Work to be completed — What you return should be only the lines in the entries below between the one holding "Militarizado el aeropuerto" and the one holding "Земельный участок с", ends included, with every picture left out.

Excerpted data —
◇ ◇ ◇

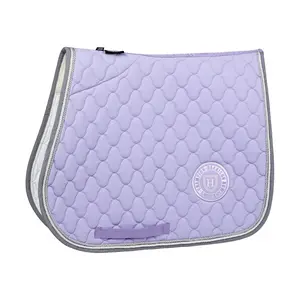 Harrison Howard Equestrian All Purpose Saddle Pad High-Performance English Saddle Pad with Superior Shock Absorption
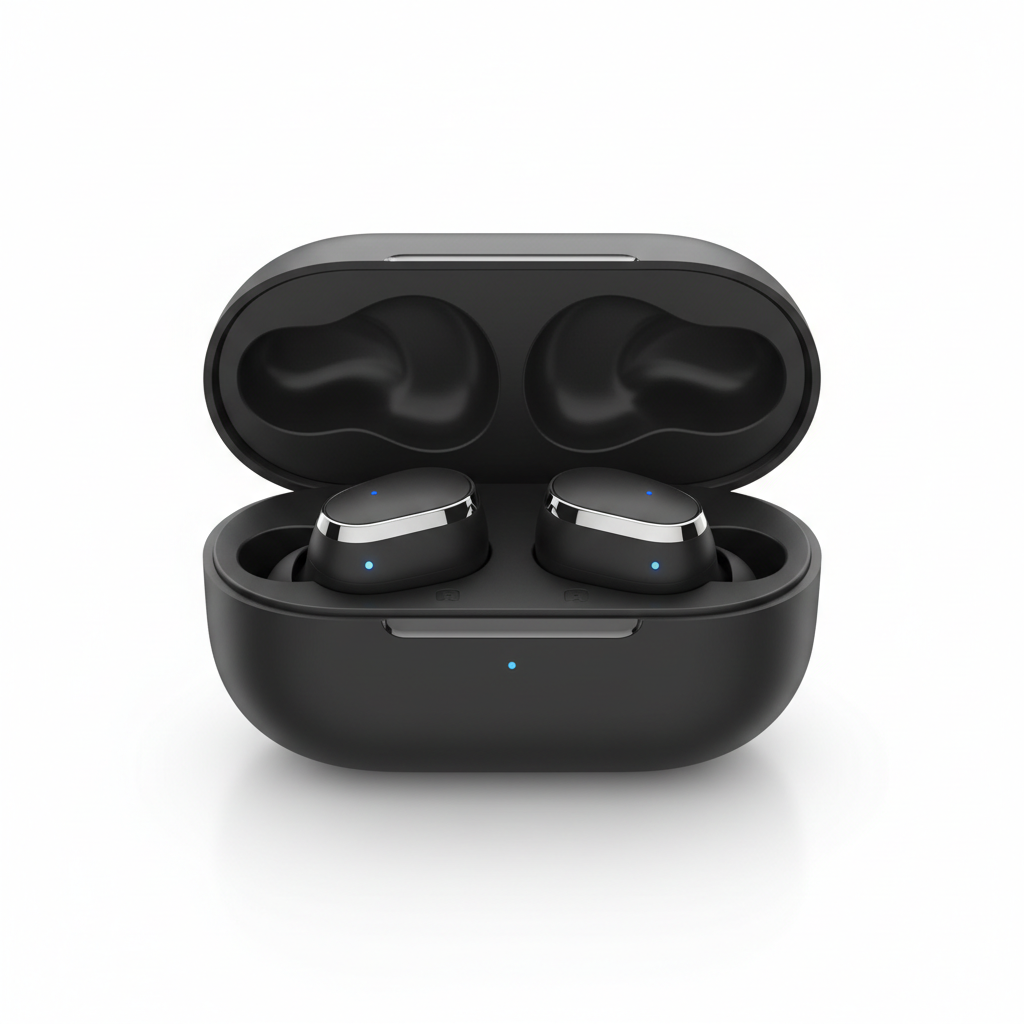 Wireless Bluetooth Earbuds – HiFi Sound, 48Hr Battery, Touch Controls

◇ ◇ ◇

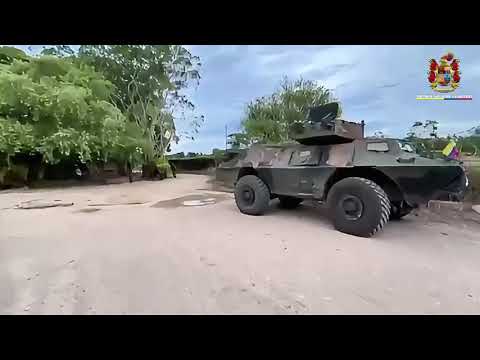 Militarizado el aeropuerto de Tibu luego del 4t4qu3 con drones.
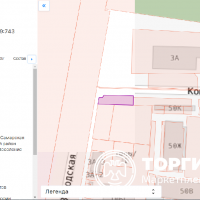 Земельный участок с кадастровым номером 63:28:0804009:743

◇ ◇ ◇

Output for this task —
 Militarizado el aeropuerto de Tibu luego del 4t4qu3 con drones.
 Земельный участок с кадастровым номером 63:28:0804009:743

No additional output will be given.